Board member Brian Steinlicht asked how the increased math periods are going so far this year, to which Eisner said teachers are seeing a difference. 

“Our teachers have, just observing as they’re doing lessons, they’re getting much more done. Because before the block was too short. ... so teachers are feeling more comfortable that they’re not rushed with the lesson,” she said.

The district also hopes to reduce classroom disruptions because they have seen growth over the last two years, Eisner said. About 74 percent of office referrals this year and last have come from the classroom whereas in the past most of these incidents have occured in common areas such as hallways, the cafeteria or at recess.

Issues are more spread out among different kids this year opposed to a few kids causing most of the disruption last year, Eisner told the board.

One area the school hopes to improve upon is knowing exactly what the disruption is and being more descriptive and accurate when teachers are reporting disruptions and misbehavior, Eisner said, adding that the data is reviewed each month to assess where the school can intervene.

Relationship building is a big part of reducing those disruptions, she said, because students don’t want to act out when they respect and have a connection with their teachers.

High school

Arcadia High School leaders set their goals on the ACT test as well as comprehension.
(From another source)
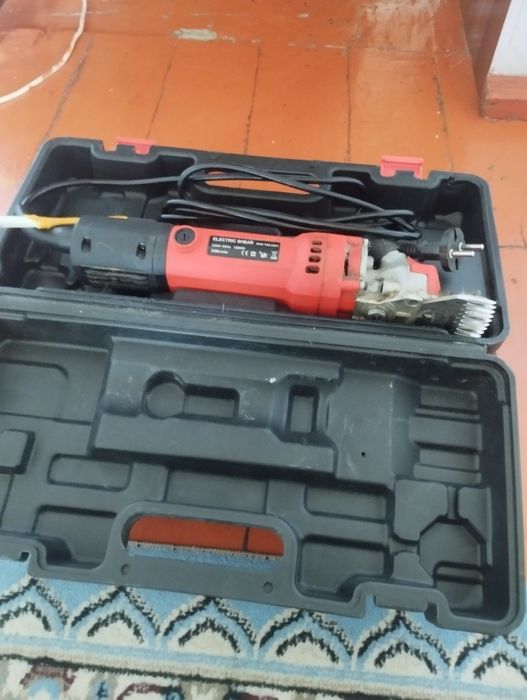 Қой қырқатын машинка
Their goals are:

• Average a composite score of 17 on the ACT by 2024, a jump from their current average of 16.3.

• Increase student understanding of teacher explanation to 75 percent as measured by student perception surveys.

The ACT scores should be helped by the new illustrative math curriculum, and a new WIN (What I need) class period at the school that allows students to take practice ACT tests as well as receive focused instruction for areas in which they struggle, should also help, Lee said.

Teachers are also working to implement language that is used on the test into their curriculum, such as showing students the difference between summarizing and synthesizing information.

Students are also looking at their practice ACT test scores with a staff member to look at what areas they can focus on to improve their score on the real test.

“They’re going to be focusing and helping the students to goal-set within one of the four domains. ... Maybe it’s ‘I need to really focus on comma skills.’ So now I know specifically, I’m going to work on commas as a student, so that I can work on getting 10 more of those right versus it being this overwhelming task of ‘I have to increase my ACT score,’” Lee said.

As for understanding teachers, Lee said the focus was created after a student survey last year showed they didn’t always know what was being asked of them.

“Last year students took the survey and it was an area that kind of stood out to them as saying ‘If our students are saying that they’re not really understanding what the teachers are asking them at that point, that’s something we really want to work on to increase our culture and increase learning.’” 

A new survey will be sent to students soon to see if they are understanding learning targets, Lee said.